Angelina Jolie blasts 'false and upsetting' account of child auditions
Angelina Jolie has described accounts of a casting exercise for her new film, in which children were given money which was then taken away from them, as false and upsetting.
The actress' comments came after an excerpt from a Vanity Fair profile of Jolie, who co-wrote and directed the film First They Killed My Father, sparked a backlash online earlier this week from people who criticised the methods as being cruel and exploitative.
Adapted from Loung Ung's memoir, the biographical drama centres on her childhood under the brutal Khmer Rouge regime in Cambodia, which she talked about in a recent Vanity Fair profile.
The article described a scene in which casting directors attempting to find a child actress to play the lead role presented money to impoverished children, only to take it away from them as an acting exercise.
Jolie and producer Rithy Panh issued joint statements on Sunday denying claims that the production was exploitative, through a representative from Netflix, which is producing and distributing the film.
"I am upset that a pretend exercise in an improvisation, from an actual scene in the film, has been written about as if it was a real scenario," Jolie said.
"The suggestion that real money was taken from a child during an audition is false and upsetting.
"I would be outraged myself if this had happened."
Jolie said parents, guardians and doctors were on the set every day to care for the children and "make sure that no one was in any way hurt by participating in the recreation of such a painful part of their country's history".

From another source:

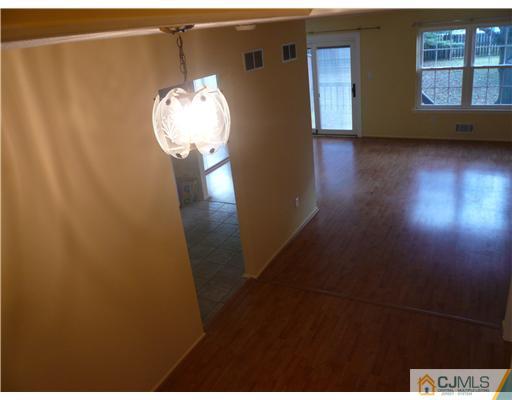 22 Pheasant Run Edison, NJ 08820 - Photo 3 of 10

Panh, himself a survivor of the Khmer Rouge, added that casting "was done in the most sensitive way possible".
He described a process that was informed both by families' preferences and NGO (non-governmental organisation) guidelines in which the children understood that they would be acting out a scene.

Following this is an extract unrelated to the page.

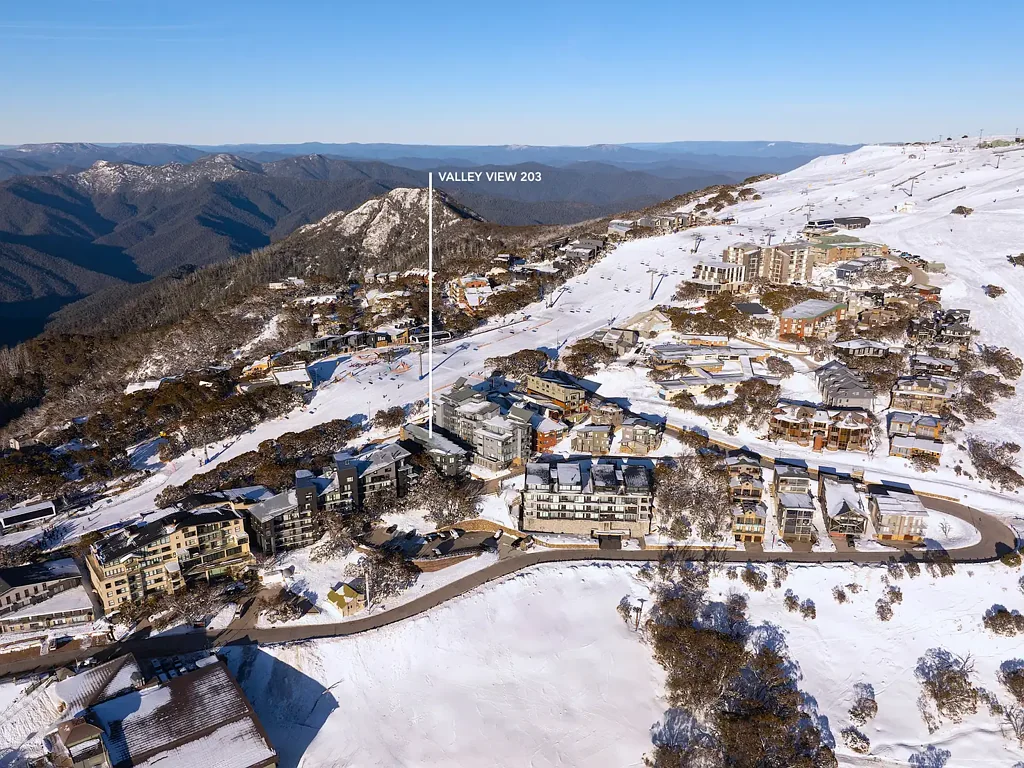 Mount Buller 2房  Fully Refurbished Building in Superior Ski-In Ski-Out Position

"The children were not tricked or entrapped, as some have suggested," Panh said.
"They understood very well that this was acting, and make believe."
The Vanity Fair article went into more detail about the production than the one paragraph that circulated on Twitter, which sparked the initial outrage.

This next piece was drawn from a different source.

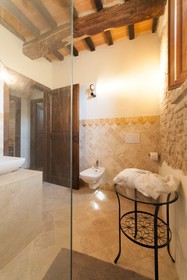Umbria Country Shelter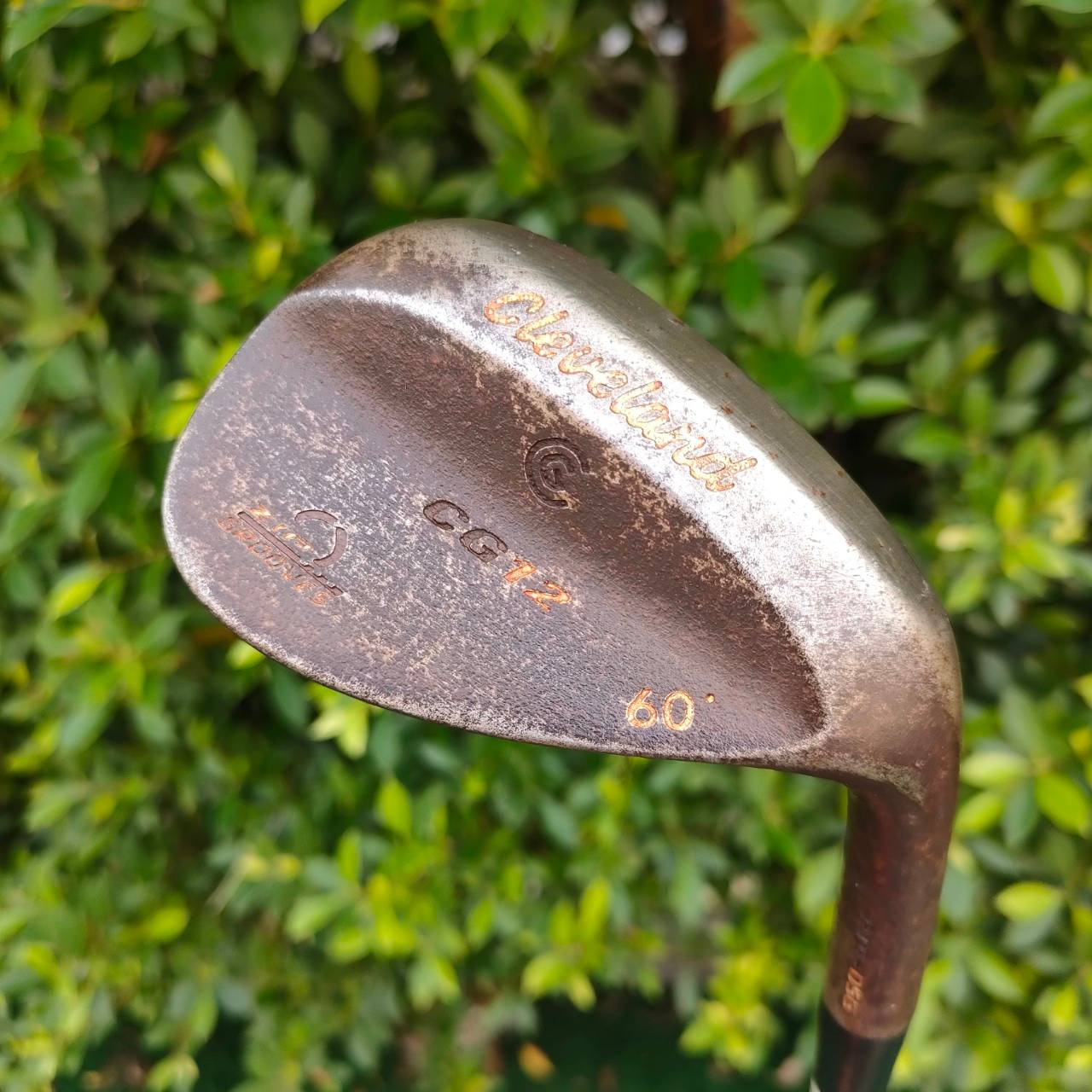 WEDGE CLEVELAND CG12 องศา 60 ก้าน TRACTION FLEX WEDGE RTG-DST เป็นรุ่นสนิมที่ไม่มีอะไรเคลือบ ทำให้ชิพง่าย ชิพนุ่มมาก และติดสปินจัดๆ!! ไม้กอล์ฟมือสอง ของแท้ BY NakaraLuxurious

Vanity Fair issued a statement on Sunday saying author Evgenia Peretz "clearly describes what happened during the casting process as a 'game'" and "that t he film-makers went to extraordinary lengths to be sensitive in addressing the psychological stresses on the cast and crew that were inevitable in making a movie about the genocide carried out in Cambodia by the Khmer Rouge".
Jolie's film will debut on Netflix after being shown at the Toronto International Film Festival in September.